If you follow the proper steps and precautions, a reasonable amount of humidity shouldn't be able to ruin your meringue. There are a lot of elements to keep in mind when it comes to whipping up perfectly peaked egg whites, but if you keep this handy checklist nearby, we think you'll find fluffy success in no time.
1. Make sure your eggs are at least 3 days old (chances are, they're mature enough if you bought them at the grocery store).
2. Use eggs that have been brought to room temperature. Either let them sit out on the counter for 30 minutes or put them in a warm water bath for 5 minutes.
3. Crack your eggs cleanly and make sure you don't include even the slightest bit of yolk. It will weigh down the whites and prevent them from properly aerating.
1. Make sure your whisk or beaters are clean-as-a-whistle and completely dry. Be especially careful that they're free of greasy residue.
2. Use the right type of bowl, and make sure it's clean and dry! Copper bowls are your best bet, but stainless steal and glass bowls also work great. Plastic tends to absorb too much of the egg white.

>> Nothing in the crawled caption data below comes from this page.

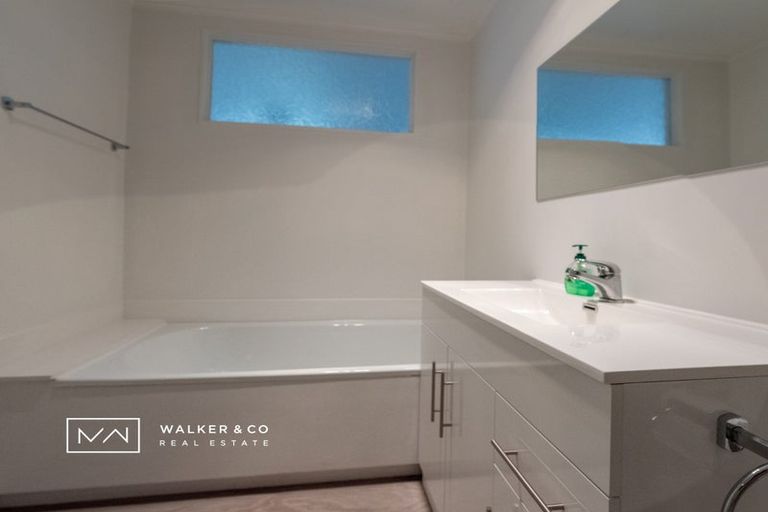 Photo of property in 4 Flavia Grove, Clouston Park, Upper Hutt, 5018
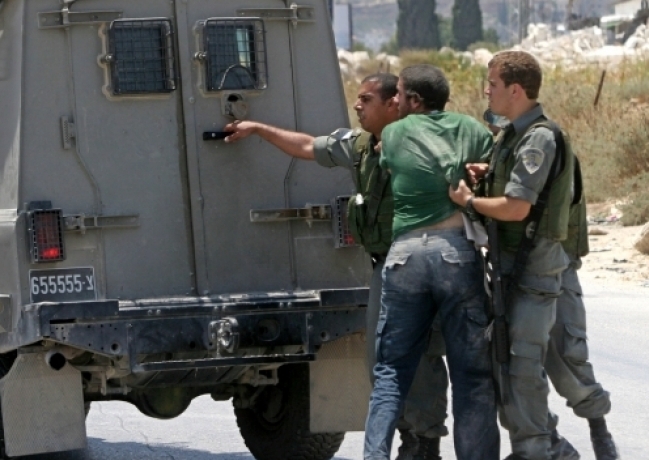  قوات الاحتلال قتلت فلسطينيا واصابت 50 آخرين بعد حاصرت مخيم الفوار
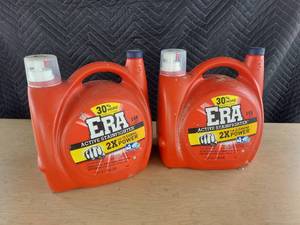 lot 3983 image: Era laundry Detergent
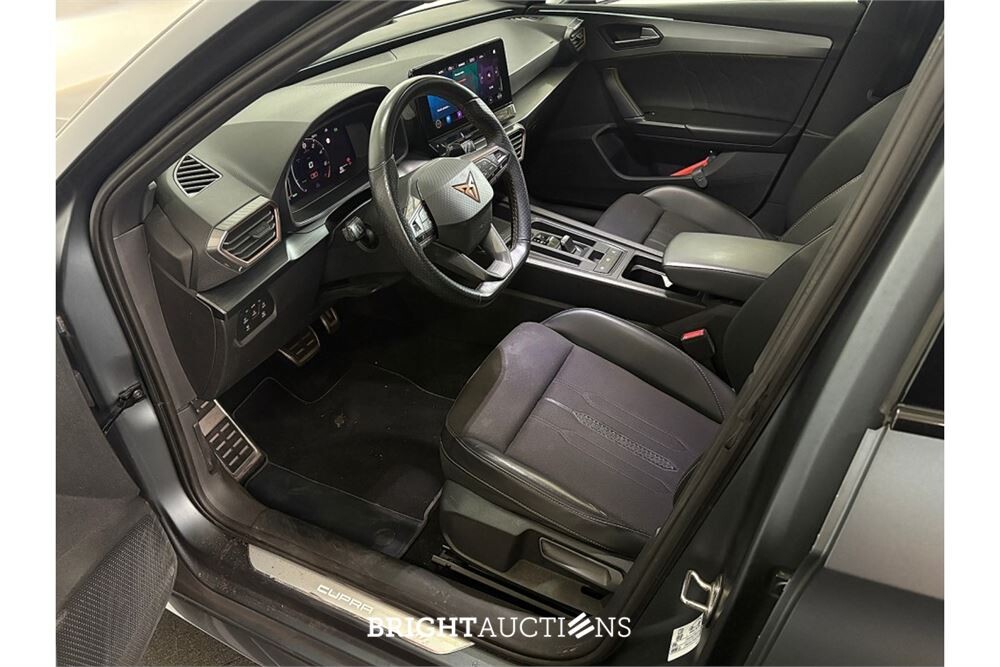 CUPRA Leon E-Hybrid VZ Business 1.4 258pk 2022 (Origineel-NL), P-519-TK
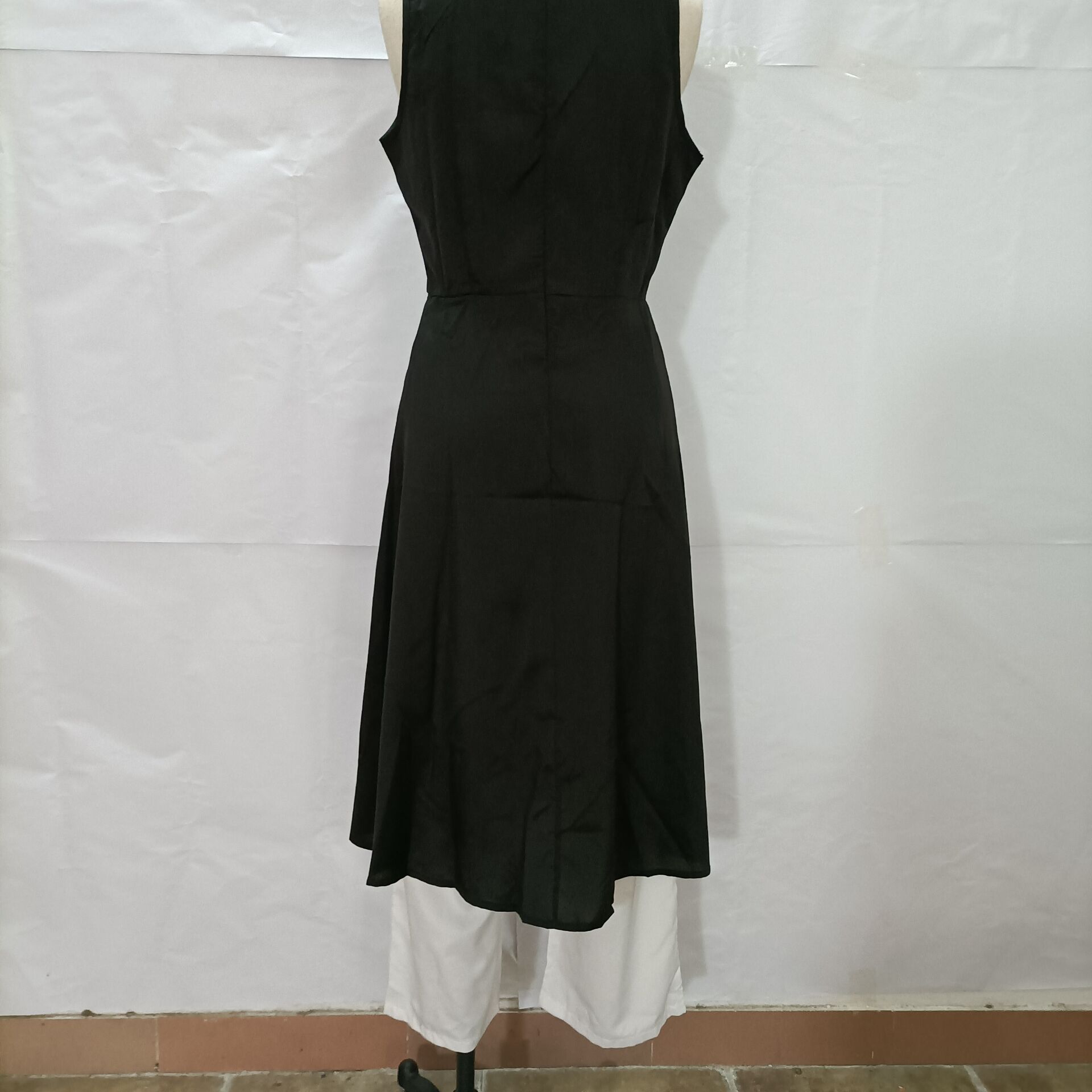 2021 Neues ärmelloses, figurformendes, kontrastierendes Anzughosen-Set in Schwarz und Weiß (langer Rock + Hose)_voghion.com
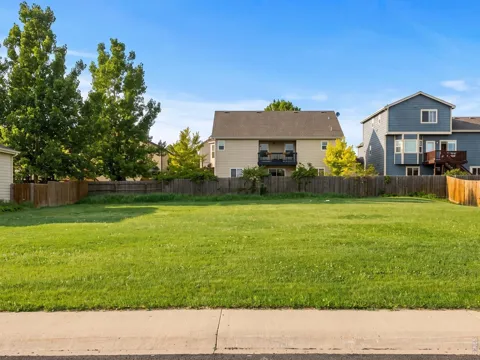 833 Cliffrose Way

1. If you've followed all the steps above and still have trouble getting your egg whites to inflate, try adding the following ingredients to your egg whites halfway through the whipping process to help stabilize them.
For every two egg whites: ¼ teaspoon of either cream of tartar, lemon juice, or a neutral-tasting vinegar
2. Once your whites develop stiff peaks, stop beating them! If you continue, the egg whites will liquefy and you'll never get the volume back.
Note: Follow your specific recipe's instructions for adding sugar and other ingredients.